(Items listed in a dataset)

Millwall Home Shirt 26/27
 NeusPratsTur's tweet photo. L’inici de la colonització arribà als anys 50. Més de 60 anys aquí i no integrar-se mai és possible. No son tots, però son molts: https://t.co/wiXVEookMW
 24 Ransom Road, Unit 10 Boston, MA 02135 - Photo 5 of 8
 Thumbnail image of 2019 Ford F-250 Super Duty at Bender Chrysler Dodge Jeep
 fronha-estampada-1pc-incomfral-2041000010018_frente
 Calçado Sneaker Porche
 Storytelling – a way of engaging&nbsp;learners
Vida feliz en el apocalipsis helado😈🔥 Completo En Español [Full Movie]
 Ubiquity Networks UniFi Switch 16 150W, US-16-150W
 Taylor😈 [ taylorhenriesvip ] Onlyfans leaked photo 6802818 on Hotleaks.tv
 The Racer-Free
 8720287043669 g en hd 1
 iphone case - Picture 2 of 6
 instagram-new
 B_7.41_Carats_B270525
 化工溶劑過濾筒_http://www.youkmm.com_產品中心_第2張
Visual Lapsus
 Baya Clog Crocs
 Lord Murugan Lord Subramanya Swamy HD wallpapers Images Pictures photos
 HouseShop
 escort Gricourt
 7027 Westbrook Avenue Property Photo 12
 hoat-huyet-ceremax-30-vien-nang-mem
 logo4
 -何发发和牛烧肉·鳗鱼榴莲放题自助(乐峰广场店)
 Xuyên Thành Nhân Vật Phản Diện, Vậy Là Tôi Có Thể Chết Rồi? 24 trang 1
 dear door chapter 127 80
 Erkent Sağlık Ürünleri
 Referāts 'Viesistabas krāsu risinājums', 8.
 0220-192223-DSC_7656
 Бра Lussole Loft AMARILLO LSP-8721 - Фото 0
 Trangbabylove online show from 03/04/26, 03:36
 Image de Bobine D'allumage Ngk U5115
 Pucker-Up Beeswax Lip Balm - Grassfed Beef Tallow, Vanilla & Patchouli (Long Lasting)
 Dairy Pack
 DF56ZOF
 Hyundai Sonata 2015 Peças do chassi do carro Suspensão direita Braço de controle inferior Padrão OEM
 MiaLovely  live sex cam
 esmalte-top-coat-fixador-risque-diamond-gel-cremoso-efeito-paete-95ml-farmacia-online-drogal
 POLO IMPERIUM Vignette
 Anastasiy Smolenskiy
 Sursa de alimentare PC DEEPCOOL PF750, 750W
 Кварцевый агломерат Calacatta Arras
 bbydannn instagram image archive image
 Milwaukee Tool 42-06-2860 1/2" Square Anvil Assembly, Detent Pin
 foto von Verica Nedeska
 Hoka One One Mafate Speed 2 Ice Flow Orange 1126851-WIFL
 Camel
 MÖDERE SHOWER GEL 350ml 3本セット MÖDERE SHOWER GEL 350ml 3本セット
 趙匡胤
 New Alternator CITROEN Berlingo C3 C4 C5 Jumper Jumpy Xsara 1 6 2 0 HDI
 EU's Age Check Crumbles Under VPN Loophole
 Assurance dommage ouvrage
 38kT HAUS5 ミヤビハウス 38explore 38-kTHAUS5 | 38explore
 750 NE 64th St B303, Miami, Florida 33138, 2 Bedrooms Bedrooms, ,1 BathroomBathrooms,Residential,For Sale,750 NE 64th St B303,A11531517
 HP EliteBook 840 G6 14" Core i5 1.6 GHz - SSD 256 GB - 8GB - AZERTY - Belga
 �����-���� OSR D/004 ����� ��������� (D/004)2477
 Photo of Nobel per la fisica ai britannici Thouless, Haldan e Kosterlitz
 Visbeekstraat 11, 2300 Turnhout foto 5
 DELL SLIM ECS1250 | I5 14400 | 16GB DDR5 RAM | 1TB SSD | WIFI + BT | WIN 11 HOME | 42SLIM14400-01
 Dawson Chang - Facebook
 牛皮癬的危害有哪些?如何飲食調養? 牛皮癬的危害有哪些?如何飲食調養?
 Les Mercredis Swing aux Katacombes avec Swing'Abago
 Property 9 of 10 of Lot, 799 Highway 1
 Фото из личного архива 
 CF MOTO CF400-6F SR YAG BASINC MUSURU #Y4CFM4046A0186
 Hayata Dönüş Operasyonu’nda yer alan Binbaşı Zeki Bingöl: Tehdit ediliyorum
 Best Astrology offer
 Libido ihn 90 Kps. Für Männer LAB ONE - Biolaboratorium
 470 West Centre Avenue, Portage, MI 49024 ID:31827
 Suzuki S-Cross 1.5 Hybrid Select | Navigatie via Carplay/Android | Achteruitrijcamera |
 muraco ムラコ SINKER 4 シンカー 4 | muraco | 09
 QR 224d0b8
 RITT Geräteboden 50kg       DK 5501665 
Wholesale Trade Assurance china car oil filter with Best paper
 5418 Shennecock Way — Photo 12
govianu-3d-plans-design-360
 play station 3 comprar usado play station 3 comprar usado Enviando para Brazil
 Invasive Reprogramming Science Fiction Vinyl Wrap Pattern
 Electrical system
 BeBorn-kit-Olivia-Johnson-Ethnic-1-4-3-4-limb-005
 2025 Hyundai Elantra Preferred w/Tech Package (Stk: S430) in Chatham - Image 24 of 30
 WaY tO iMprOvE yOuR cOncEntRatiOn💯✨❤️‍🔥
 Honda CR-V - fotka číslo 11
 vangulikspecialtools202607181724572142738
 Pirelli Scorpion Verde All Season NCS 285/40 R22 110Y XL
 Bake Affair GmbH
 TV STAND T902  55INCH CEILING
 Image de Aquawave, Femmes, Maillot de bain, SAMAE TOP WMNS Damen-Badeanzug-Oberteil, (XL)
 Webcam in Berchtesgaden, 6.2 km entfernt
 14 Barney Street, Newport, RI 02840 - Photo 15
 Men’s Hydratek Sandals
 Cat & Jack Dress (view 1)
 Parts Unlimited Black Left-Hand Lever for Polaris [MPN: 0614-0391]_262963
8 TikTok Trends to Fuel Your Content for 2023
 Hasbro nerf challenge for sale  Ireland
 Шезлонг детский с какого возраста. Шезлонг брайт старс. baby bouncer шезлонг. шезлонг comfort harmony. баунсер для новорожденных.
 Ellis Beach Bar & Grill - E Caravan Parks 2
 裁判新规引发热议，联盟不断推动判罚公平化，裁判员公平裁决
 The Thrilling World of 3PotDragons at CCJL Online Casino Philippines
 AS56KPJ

Problem – From the records above, transcribe exactly the run of lines that opens with the line holding "Storytelling – a" and closes with the line holding "Pucker-Up Beeswax Lip", both included.

Your response –
 Storytelling – a way of engaging&nbsp;learners
Vida feliz en el apocalipsis helado😈🔥 Completo En Español [Full Movie]
 Ubiquity Networks UniFi Switch 16 150W, US-16-150W
 Taylor😈 [ taylorhenriesvip ] Onlyfans leaked photo 6802818 on Hotleaks.tv
 The Racer-Free
 8720287043669 g en hd 1
 iphone case - Picture 2 of 6
 instagram-new
 B_7.41_Carats_B270525
 化工溶劑過濾筒_http://www.youkmm.com_產品中心_第2張
Visual Lapsus
 Baya Clog Crocs
 Lord Murugan Lord Subramanya Swamy HD wallpapers Images Pictures photos
 HouseShop
 escort Gricourt
 7027 Westbrook Avenue Property Photo 12
 hoat-huyet-ceremax-30-vien-nang-mem
 logo4
 -何发发和牛烧肉·鳗鱼榴莲放题自助(乐峰广场店)
 Xuyên Thành Nhân Vật Phản Diện, Vậy Là Tôi Có Thể Chết Rồi? 24 trang 1
 dear door chapter 127 80
 Erkent Sağlık Ürünleri
 Referāts 'Viesistabas krāsu risinājums', 8.
 0220-192223-DSC_7656
 Бра Lussole Loft AMARILLO LSP-8721 - Фото 0
 Trangbabylove online show from 03/04/26, 03:36
 Image de Bobine D'allumage Ngk U5115
 Pucker-Up Beeswax Lip Balm - Grassfed Beef Tallow, Vanilla & Patchouli (Long Lasting)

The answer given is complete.